19 points by fearthetelomere 4 years ago · 7 comments · 1 min read


What tool do you use or recommend when drafting technical blog posts or books?

I've found that editors tend to do one thing or the other very well: they're either really good editors for rich text and multimedia or really good editors for code.

What tools balance the best of both worlds?

srvmshr 4 years ago

Depends on the user & use case:

Researchers use LaTeX heavily for papers. It has a learning curve, but once mastered it is very powerful.

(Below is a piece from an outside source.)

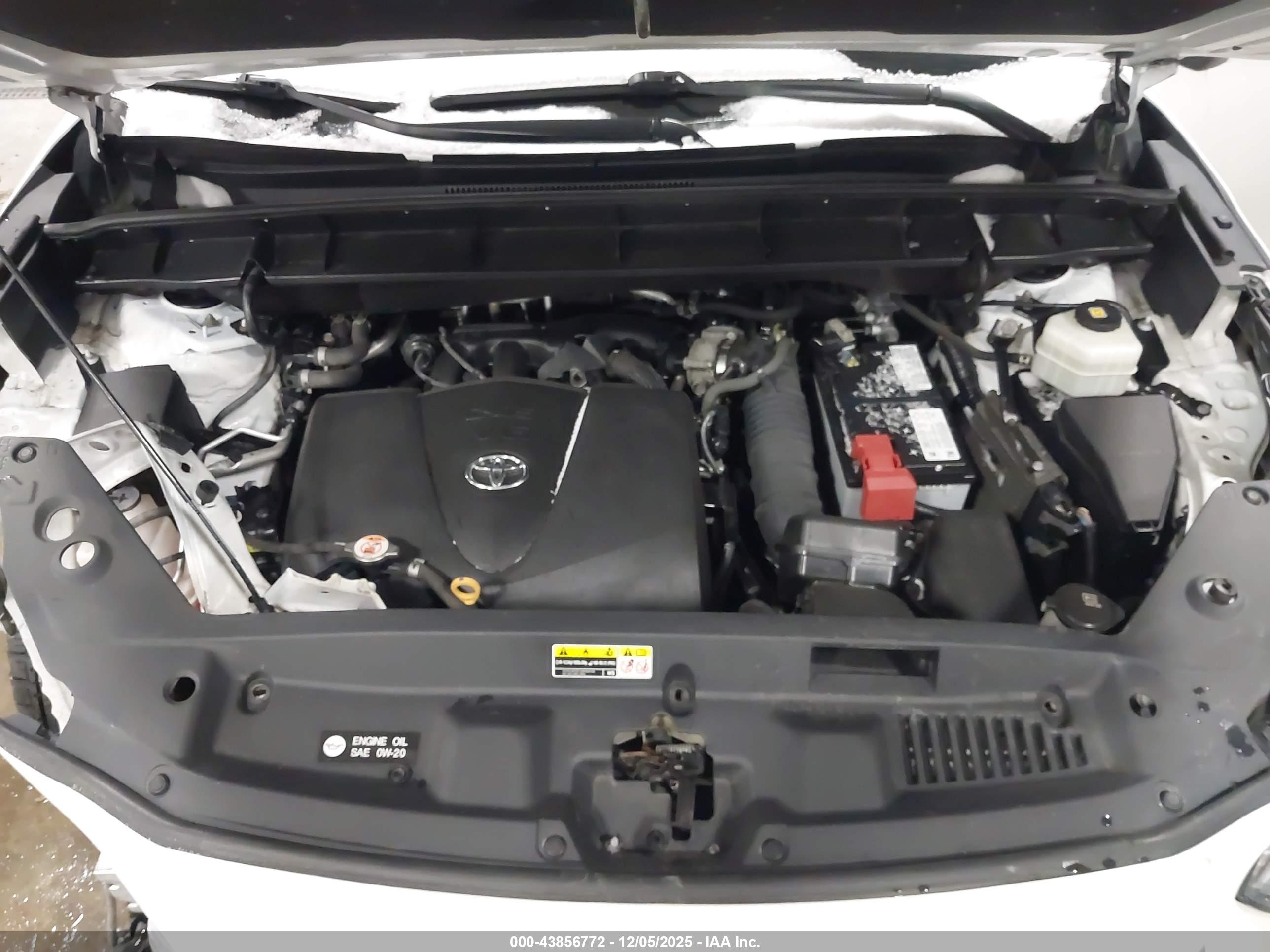 TOYOTA HIGHLANDER image 10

Markdown is being increasingly used for code documentation nowadays. `readthedocs`, github pages work well with markdown syntax

Publishers tend to layout professional documents with Adobe Illustrator / InDesign. All the common magazines generally use it, unless they have some custom sauce built-to-order

byteski 4 years ago

I have used Obsidian before but I found it more useful for researching instead of pure writing so now I just write any technical notes in neovim. Many folks (as myself) try to make neovim a kind off IDE for programming but I think first of all it’s a powerful tool for writing texts. I just write markdown files in (neo)vim and because of movements and mouseless interface it’s doing fast and focused

lrdd 4 years ago

For me writing markdown using VSCode with with Neovim keybindings approaches that rich text and rich code environment.

Of course, when using markdown(/mermaid/tikz/etc.) creating diagrams is severely limited unlike point and click alternatives. I haven’t seen a good solution yet that isn’t too restrictive or slow.

codeptualize 4 years ago

https://nota.md is my absolute favorite writing tool.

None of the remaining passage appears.